AVAILABLE DATA:
=======

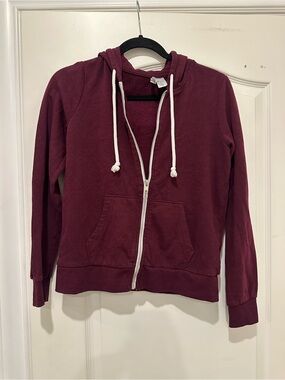 H&M Maroon Zip-Up Hoodie with White Zipper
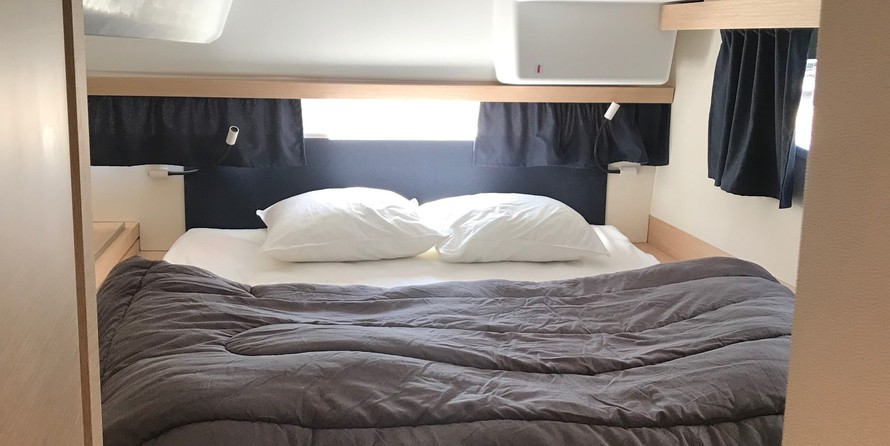 Fountaine Pajot Lucia 40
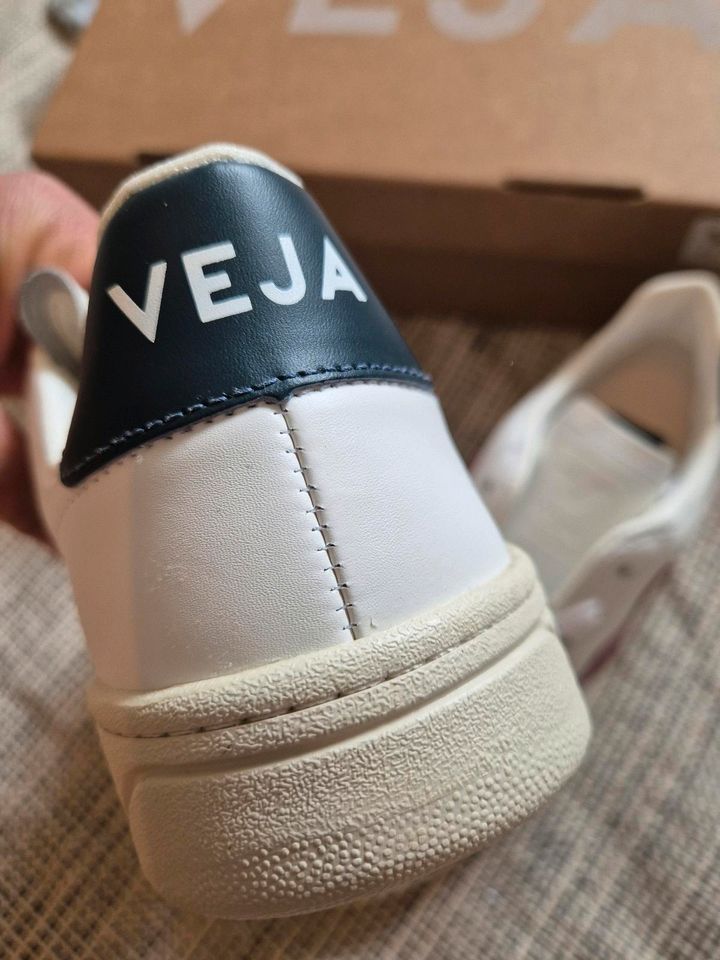 Veja V-12 37 Neu mit Etikett Sneaker in Krefeld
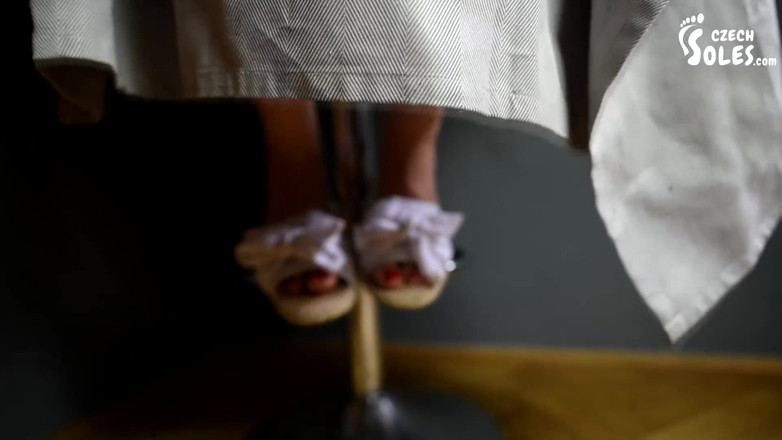 Czech Soles - foot fetish content: Anna mùa hè trần chân trong đôi sandals tạo dáng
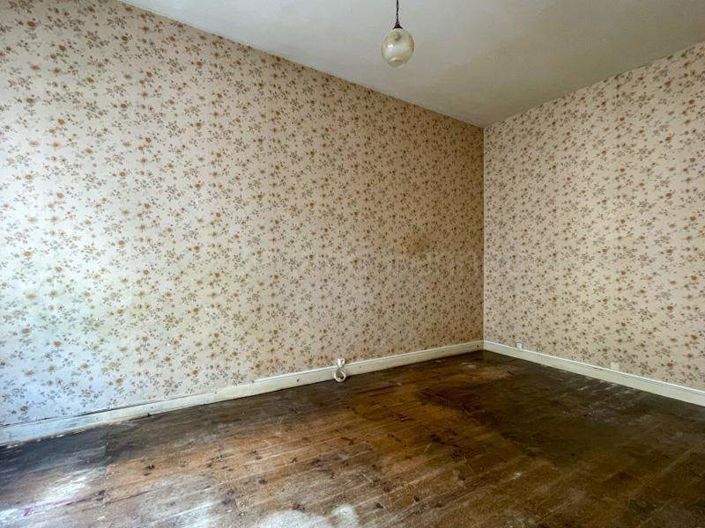 Image No.3-Maison de 2 chambres à vendre à Sauzé-Vaussais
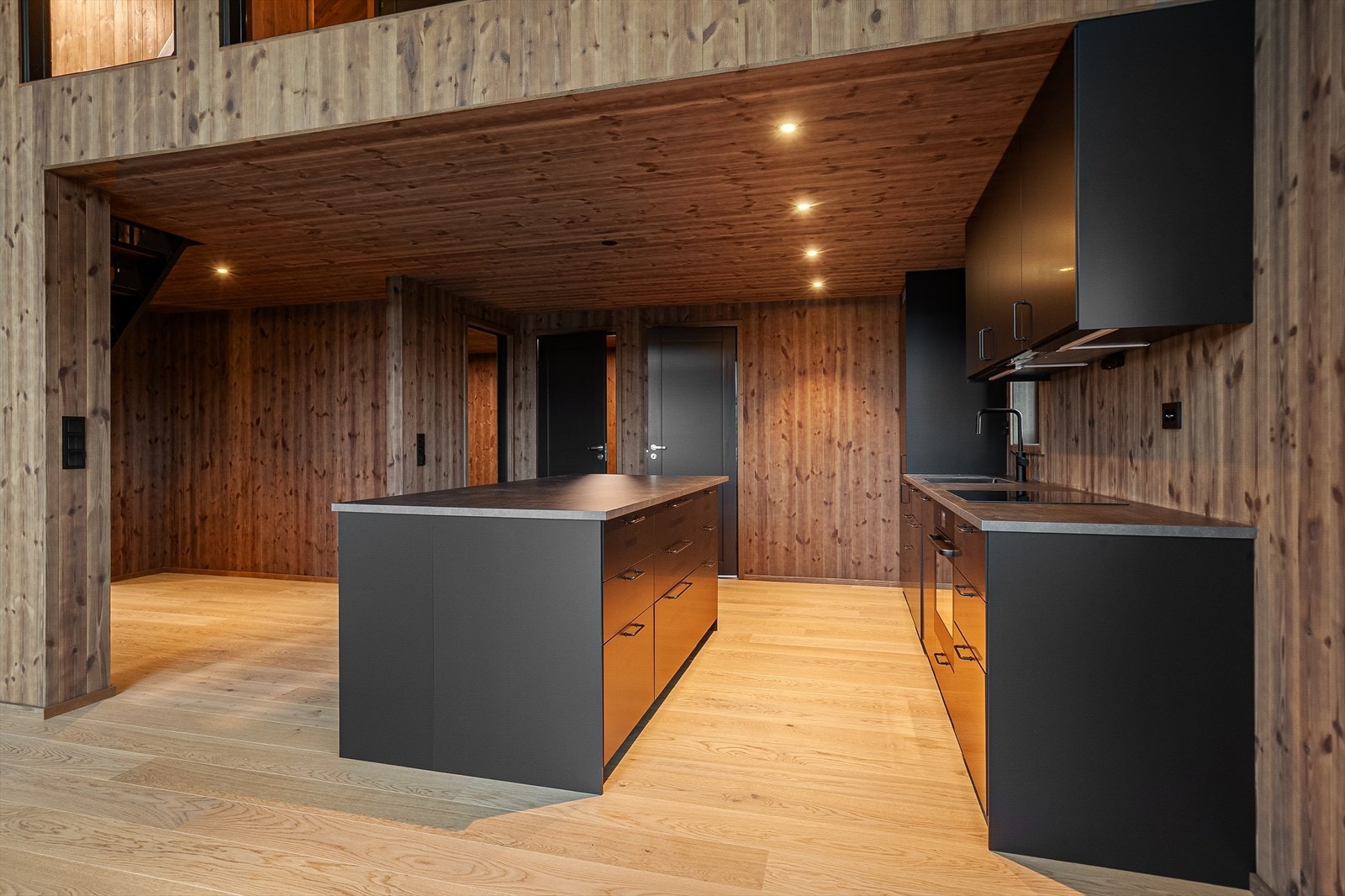 Varmekabler/folie på begge bad, vaskerom, stue/kjøkken, gang/hall, hemsstue og skibod. Galleribilde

=======

Output each entry exactly. Skip the pictures.

EXERCISE RESPONSE:
 H&M Maroon Zip-Up Hoodie with White Zipper
 Fountaine Pajot Lucia 40
 Veja V-12 37 Neu mit Etikett Sneaker in Krefeld
 Czech Soles - foot fetish content: Anna mùa hè trần chân trong đôi sandals tạo dáng
 Image No.3-Maison de 2 chambres à vendre à Sauzé-Vaussais
 Varmekabler/folie på begge bad, vaskerom, stue/kjøkken, gang/hall, hemsstue og skibod. Galleribilde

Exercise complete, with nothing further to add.